Ti accorgi di essere un po’ maturato (o invecchiato…vedete voi…) quando smetti di tentare di cambiare tutte le cose che non vanno.
La giovinezza ti dona l’illusione e la pretesa, un po’ ingenua, di poter sistemare tutte le cose sbagliate che trovi sulla strada, quelle mille e minuscole ingiustizie che infastidiscono il tuo procedere. Credi così di poter sanare ogni ferita, supplire ogni mancanza, raddrizzare ciò che è storto.
Con il tempo e l’età inizi gradualmente ad accettare che queste “cose storte” non scompariranno troppo facilmente e che, nonostante i tuoi sforzi, essere saranno sempre lì a disturbarti e ad inquietarti…. Anzi esse appartengono alla vita, con lo stesso diritto di residenza di cui godono tutte le cose belle che vivi.
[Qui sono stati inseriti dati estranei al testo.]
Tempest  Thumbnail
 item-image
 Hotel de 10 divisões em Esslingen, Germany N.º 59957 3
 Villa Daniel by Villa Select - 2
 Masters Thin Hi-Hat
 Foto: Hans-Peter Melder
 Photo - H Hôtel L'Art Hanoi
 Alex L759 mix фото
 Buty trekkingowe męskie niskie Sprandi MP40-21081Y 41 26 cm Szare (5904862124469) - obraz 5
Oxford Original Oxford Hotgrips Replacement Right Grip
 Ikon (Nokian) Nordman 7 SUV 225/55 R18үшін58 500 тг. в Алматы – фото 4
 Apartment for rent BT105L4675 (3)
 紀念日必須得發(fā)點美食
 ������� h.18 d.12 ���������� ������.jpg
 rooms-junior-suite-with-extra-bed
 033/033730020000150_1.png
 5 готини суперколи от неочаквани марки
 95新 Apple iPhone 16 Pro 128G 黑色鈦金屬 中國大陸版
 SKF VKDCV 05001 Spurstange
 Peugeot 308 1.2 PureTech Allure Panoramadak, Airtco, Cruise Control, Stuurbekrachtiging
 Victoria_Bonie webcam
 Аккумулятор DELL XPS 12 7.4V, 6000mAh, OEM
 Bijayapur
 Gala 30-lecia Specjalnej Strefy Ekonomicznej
Ma la bella notizia (ed è questo il vero dono della vecchiaia!) è che impari a non disperare, a nutrire fiducia anche in presenza del male che non scompare. Impari che non è necessario eliminare tutte le cose negative per vivere in un mondo bello e rappacificato. Accogli la presenza di ciò che non va come un fatto ineluttabile e inevitabile: al mondo ci saranno sempre ingiustizie, povertà, ignoranza, stupidità e maldicenza ma questo non mina la tua determinazione a lavorare perché il mondo, o meglio il “tuo mondo” (ossia quella parte di mondo su cui hai una qualche influenza) diventi migliore, più giusto, più rispettoso e più umano. È proprio nell’età adulta che apprezzi la nota Preghiera della Serenità:
«Dio, concedimi la serenità di accettare le cose che non posso cambiare,
il coraggio di cambiare le cose che posso,
e la saggezza per conoscere la differenza»
La saggezza sta tutta in quella sottile differenza, in quel labile confine tra ciò che si può cambiare e quello che non si può.
Ed il segreto della tua felicità sta tutto in quei due verbi: combattere ed accettare. Lottare per quanto può essere fatto. Accogliere, con pazienza e fortezza, quanto appartiene al lato oscuro della vita. In pace con sé stessi.